## What is expected
Give the listing again exactly, skipping any pictures it holds.

(Stored data begins)

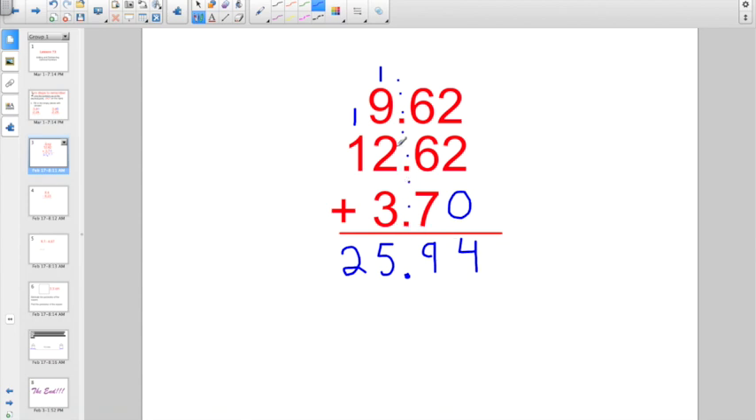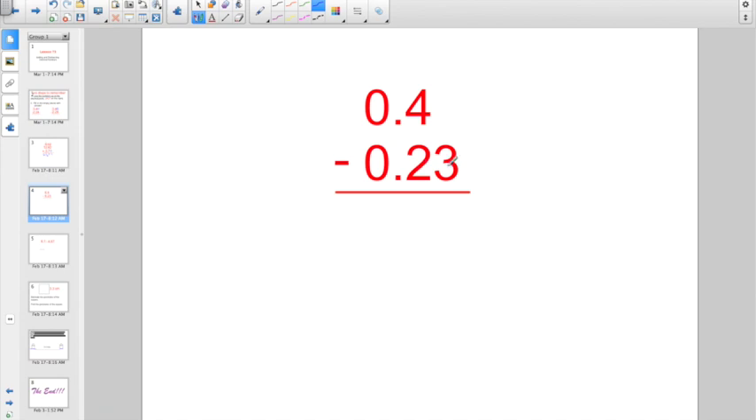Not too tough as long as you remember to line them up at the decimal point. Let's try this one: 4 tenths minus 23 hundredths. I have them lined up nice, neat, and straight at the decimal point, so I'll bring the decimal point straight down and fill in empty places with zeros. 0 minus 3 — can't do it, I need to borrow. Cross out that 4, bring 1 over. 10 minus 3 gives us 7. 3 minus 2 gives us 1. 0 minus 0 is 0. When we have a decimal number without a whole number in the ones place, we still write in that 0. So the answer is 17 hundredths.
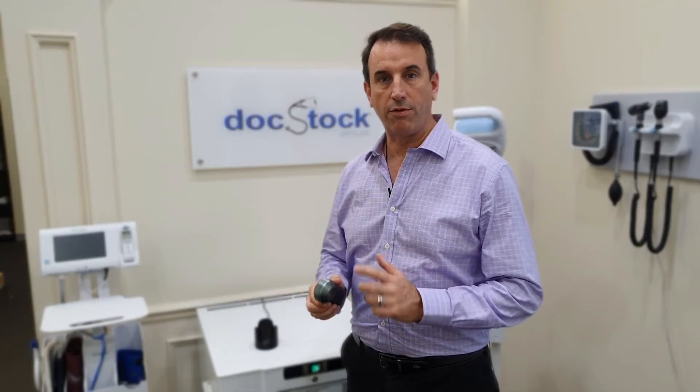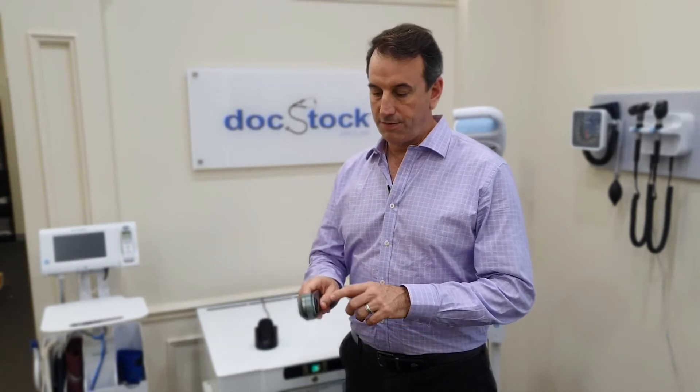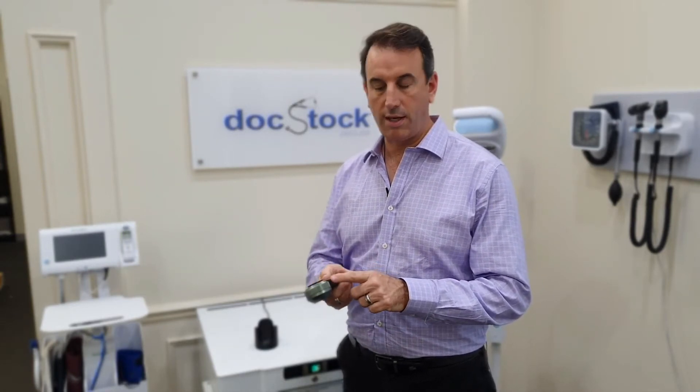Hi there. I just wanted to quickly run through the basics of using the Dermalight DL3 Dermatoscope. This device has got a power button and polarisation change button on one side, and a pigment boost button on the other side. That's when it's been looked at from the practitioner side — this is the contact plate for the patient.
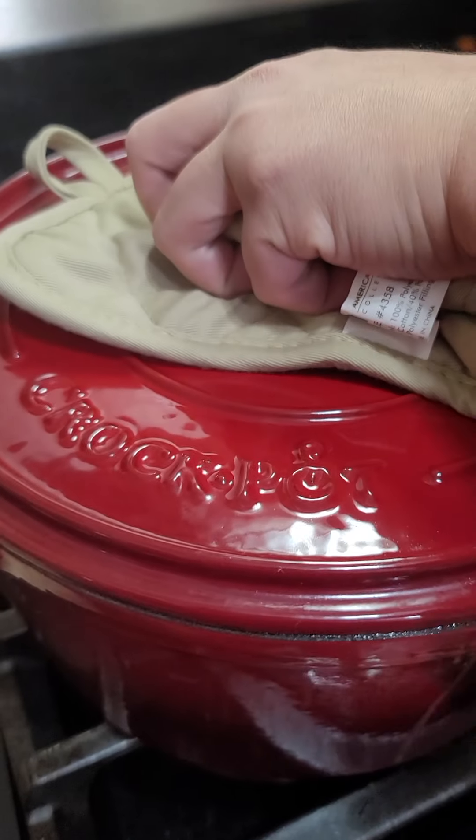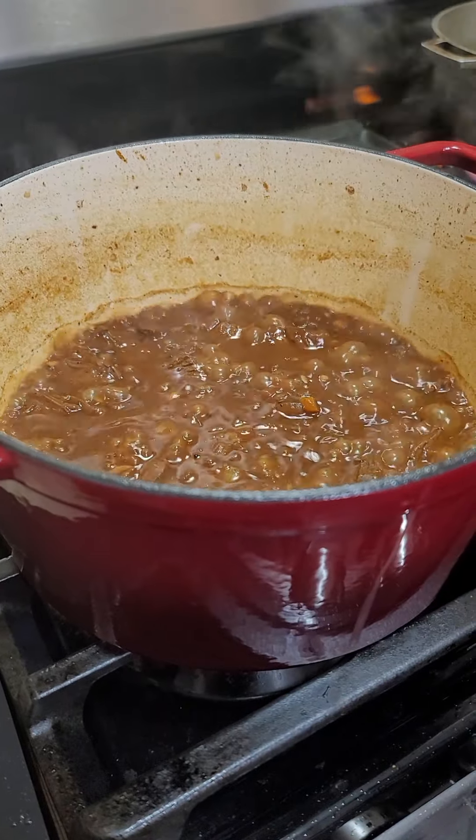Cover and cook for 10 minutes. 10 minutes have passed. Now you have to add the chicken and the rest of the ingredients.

(Stored data ends)

## Your response
Not too tough as long as you remember to line them up at the decimal point. Let's try this one: 4 tenths minus 23 hundredths. I have them lined up nice, neat, and straight at the decimal point, so I'll bring the decimal point straight down and fill in empty places with zeros. 0 minus 3 — can't do it, I need to borrow. Cross out that 4, bring 1 over. 10 minus 3 gives us 7. 3 minus 2 gives us 1. 0 minus 0 is 0. When we have a decimal number without a whole number in the ones place, we still write in that 0. So the answer is 17 hundredths.
Hi there. I just wanted to quickly run through the basics of using the Dermalight DL3 Dermatoscope. This device has got a power button and polarisation change button on one side, and a pigment boost button on the other side. That's when it's been looked at from the practitioner side — this is the contact plate for the patient.
Cover and cook for 10 minutes. 10 minutes have passed. Now you have to add the chicken and the rest of the ingredients.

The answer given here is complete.